The Vulnerability Assessment also allows you to save a "baseline", meaning you can come back later and compare what has changed. This kind of security configuration management can be a useful tool in protecting your data and will help evidence what you have done to guard against data leaks.
At this point you have reduced your attack surface as much as practicable; everything is locked up tight and no-one can get in. Except, there is always a way and the GDPR requires you to "need to establish technological and organisation measures to ensure that breaches are identified quickly".
In order to do that you need to turn to auditing, monitoring and alerting. There are many great tools for this, but if you are using or thinking about using Azure, have a look at Log Analytics – it has some very powerful features. Azure are moving all their logging in to Log Analytics and you will soon be able to centralise all logs, including all Azure infrastructure logs as well as all your own trace logs in one place and set up alerts etc.
Audit data access
Make sure that you audit all database access. Consider setting up alerts if anyone or anything other than the application accesses the database or if queries are run that download more than a certain number of records.
Monitor for attack patterns
There are many kinds of "soft" attacks that may not directly trigger any alerts by external tools because they are more application specific, but an increase in them may indicate that an attack is underway. It is a good idea to set up alerts to notify you when the incidence of these over a time period is higher than usual. The exact things to look for will be application specific, but here are a few ideas to get you started;
- Failed logins; If you see a sudden increase in the number of failed logins to your application per time period then this could indicate that someone is trying to bruteforce the system.
- A sudden increase in general traffic could be a warning that something is wrong.
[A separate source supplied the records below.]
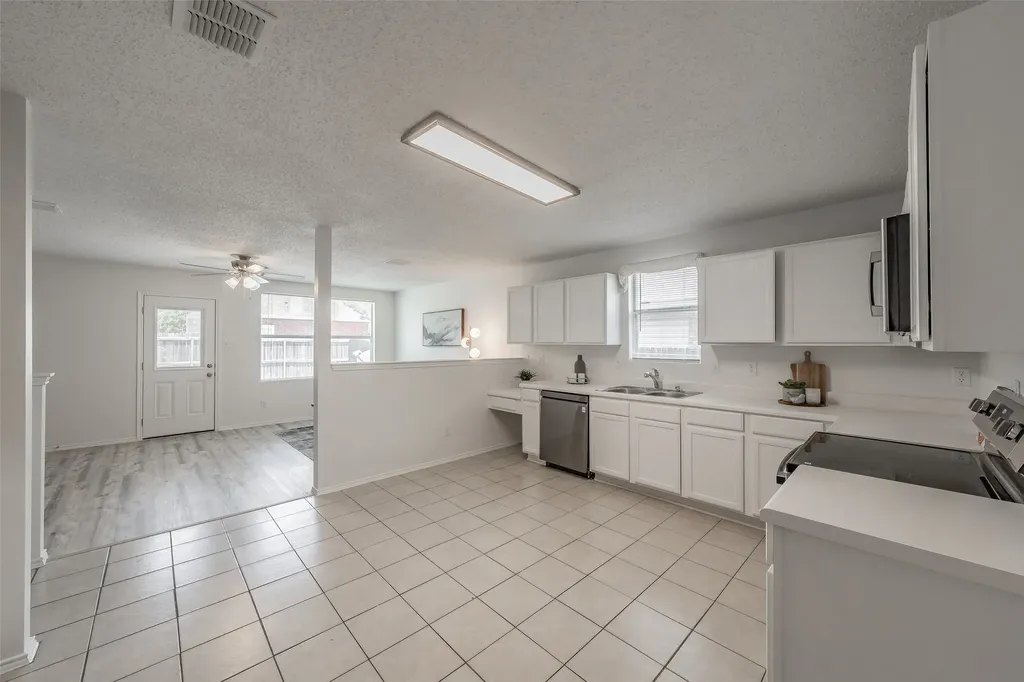 5425 Temecula Road Fort Worth TX 76244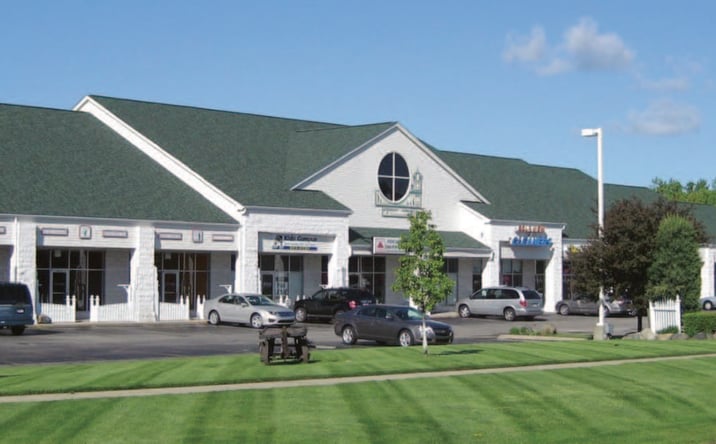 Pictures of Retail, Office property located at 38121 Utica Rd, Sterling Heights, MI 48312 for lease - image #1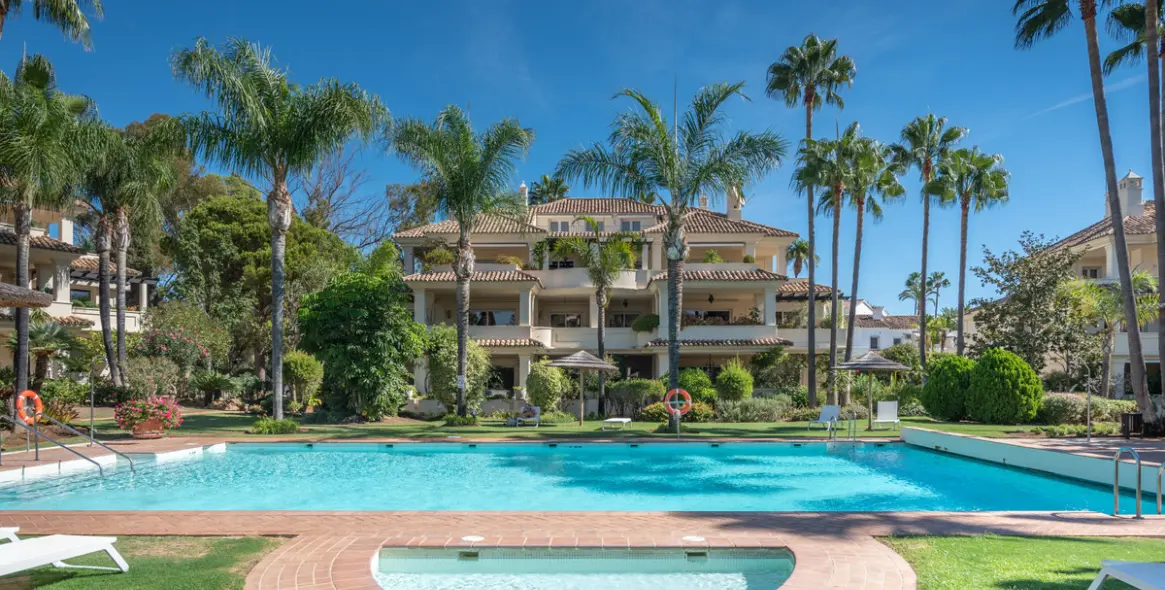 Sale of penthouse duplex in Nueva Andalucía 1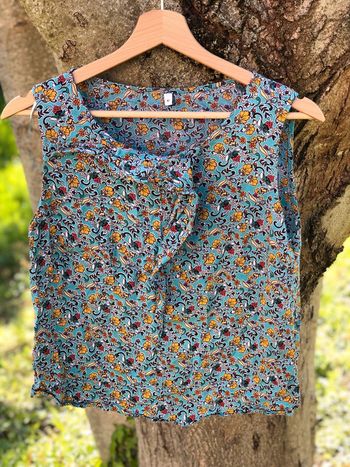 Chemisier bleu fleuri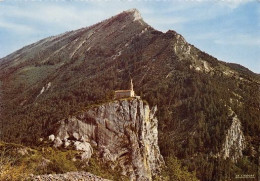 CASTELLANE Le Roc Et Notre Dame Du Roc Dominant De Ses 184m Le Village 30(scan Recto-verso) MA337 - Castellane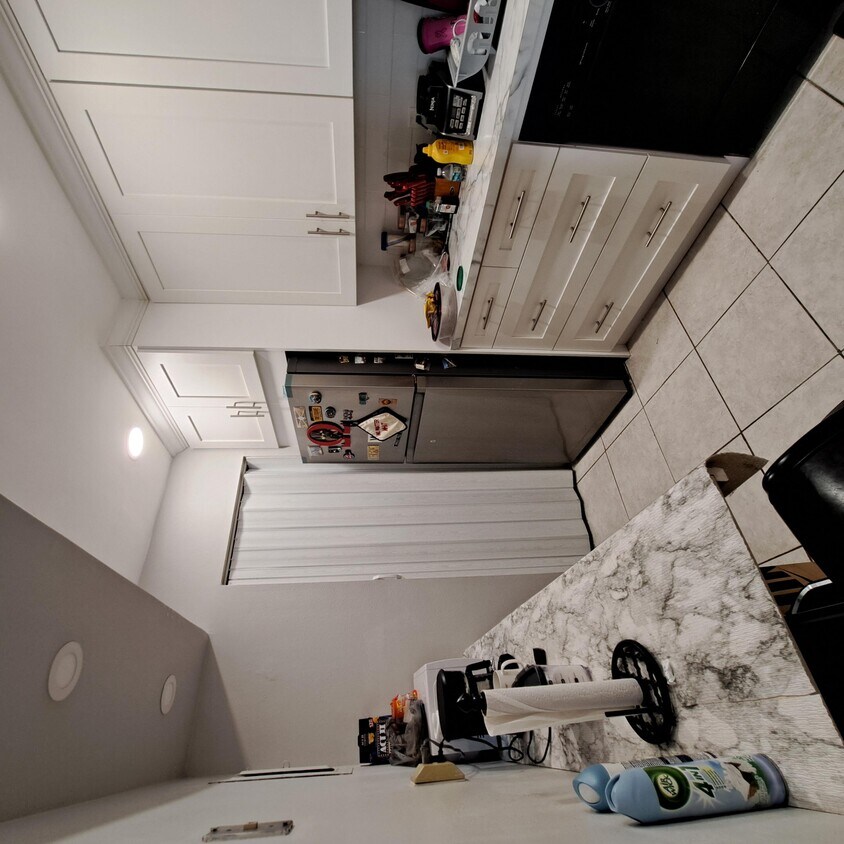Foto principal - 161 Lake Frances Dr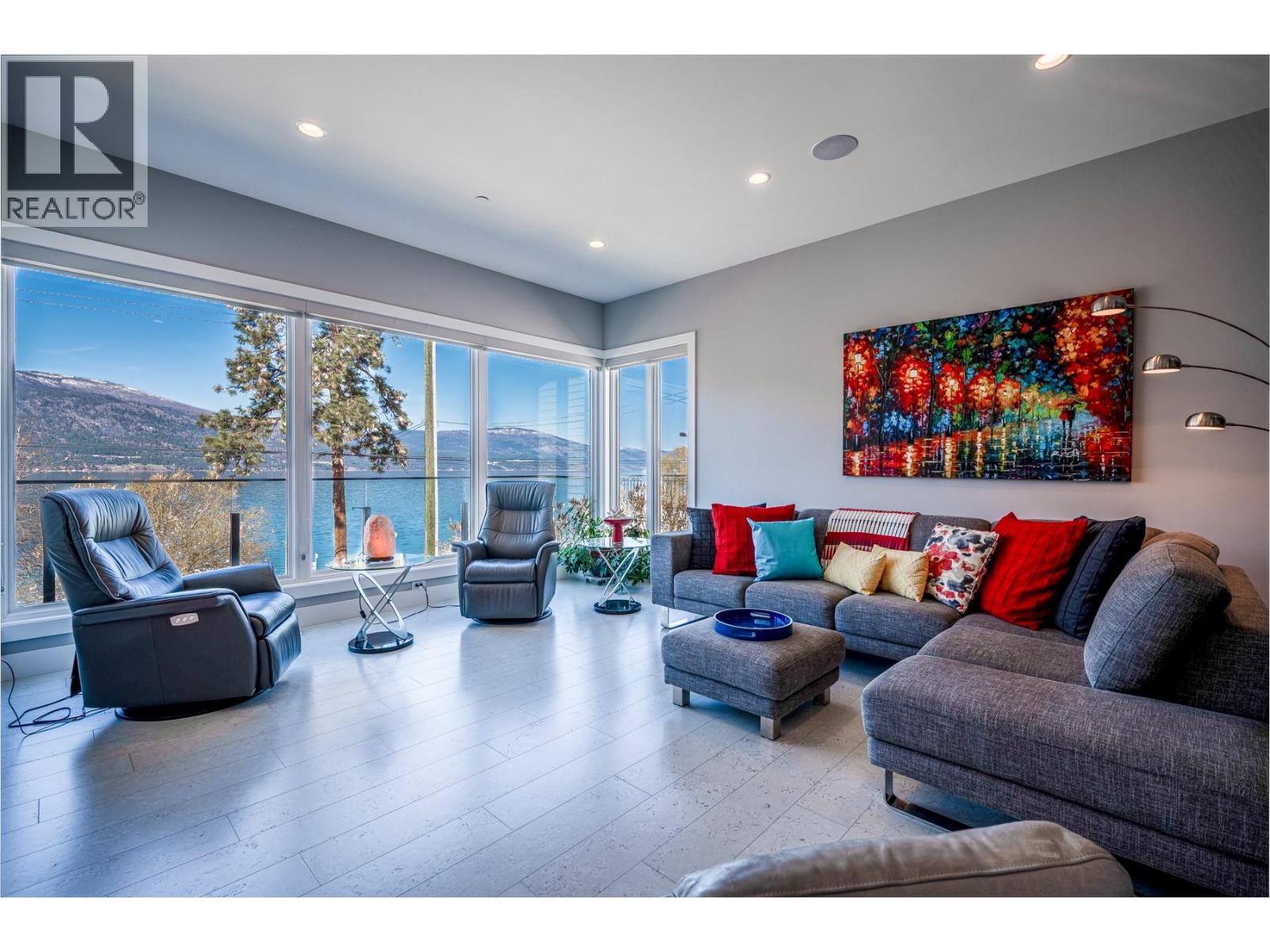  11537 Okanagan Centre Road West, Lake Country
- An increase in 403 and/or 404 responses could indicate a few different potential attacks;
- Someone is probing your system to find unsecured URLs.
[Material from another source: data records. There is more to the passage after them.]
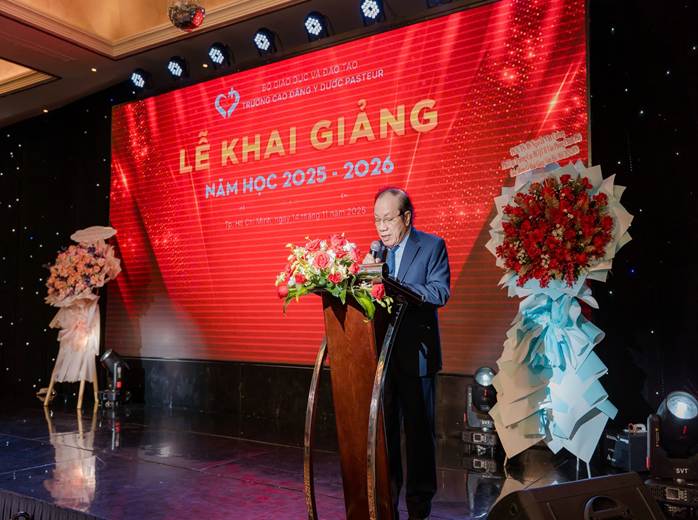 Thầy Hiệu trưởng trường Cao đẳng y dược Pasteur phát biểu nhân ngày 20/11/2025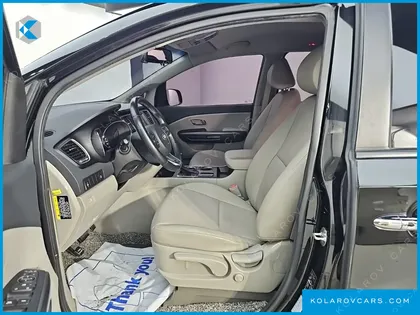 KIA CARNIVAL 9-SEATER LUXURY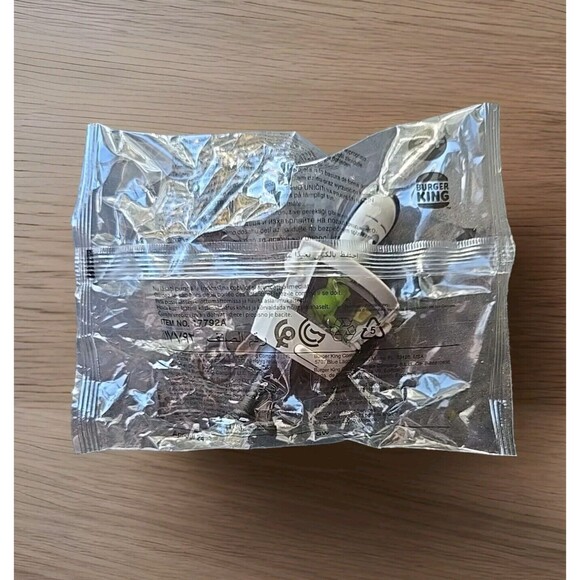 2024 Burger King The Addams Family Wednesday Toy Brand New In Plastic 17792A 3+ - Picture 1 of 5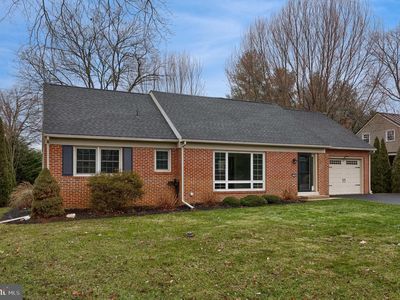 109 Woodlawn Dr, Willow Street, PA, 17584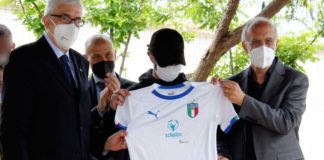 Maglia autografata di Papa Francesco al carcere di Nisida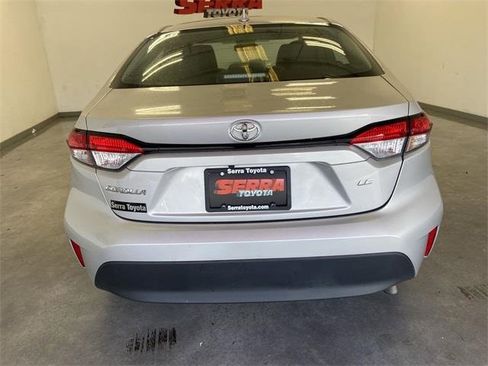 Used 2025 Toyota Corolla LE image 16
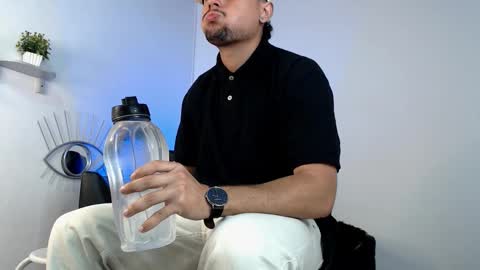 Snapshot of deivy_gram chatting on October 4, 2025, 9:02 pm DEIVY online show from October 4, 2025, 9:02 pm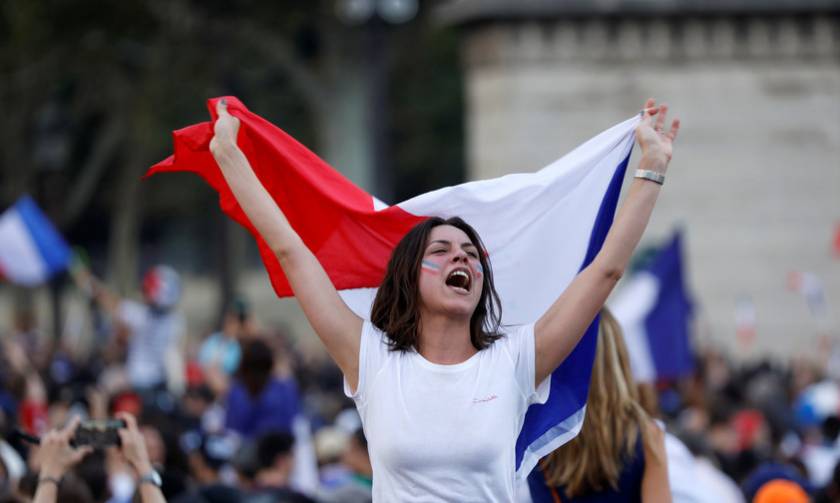Μουντιάλ 2018: Δείτε το «γύρο του θριάμβου» της εθνικής Γαλλίας μέσα στο Παρίσι (Vid)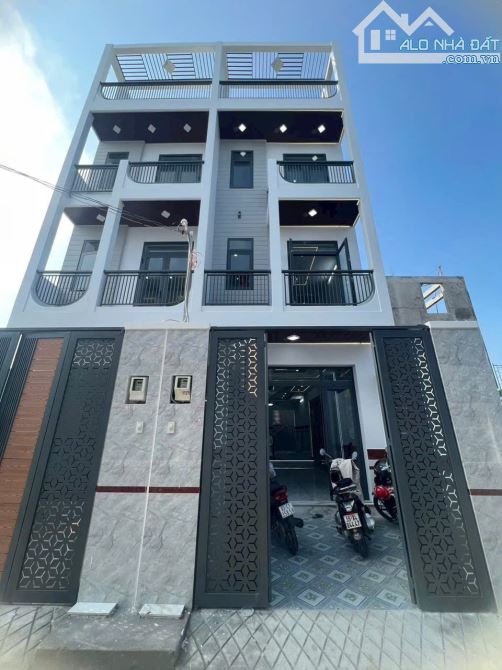 Nhà 4 tầng đường Nguyễn Duy Trinh giá 6,5 tỷ/68m2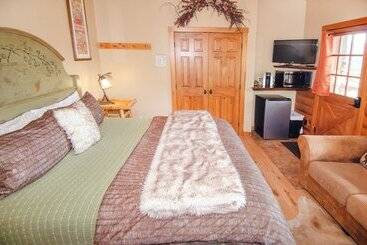 بيت ريفى Eml 7 Cloven Hoofed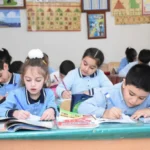 Dünyəvi təhsilin mahiyyəti: Vahid məktəbli geyimi hansı əhəmiyyət daşıyır?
- A legitimate user may access data it shouldn't see, by enumerating the ID in a URL such as https://mystem.com/accounts/123
If you use SQL Azure, you should switch on Threat Detection; It's a machine-learning tool that will detect both known attack patterns (such as SQL Injection or brute force attacks) and also unusual activity that deviates from the baseline, such as logging in from an unusual location.
Erasure and deletion
The GDPR has clear rules on the need to delete data you no longer need and on individuals' rights to tell you to delete their data. There is no exemption from those rules. However, there are times when this is not technically practicable, including but not limited to;
- Temporal tables
- Log files
- Audit files
Unfortunately, there is no answer to this at the time of this writing. Hopefully some sensible guidelines will come out of the ICO eventually on this. In the meantime, at least try to do the best you can and document what you can't do so you can show you tried your best to comply.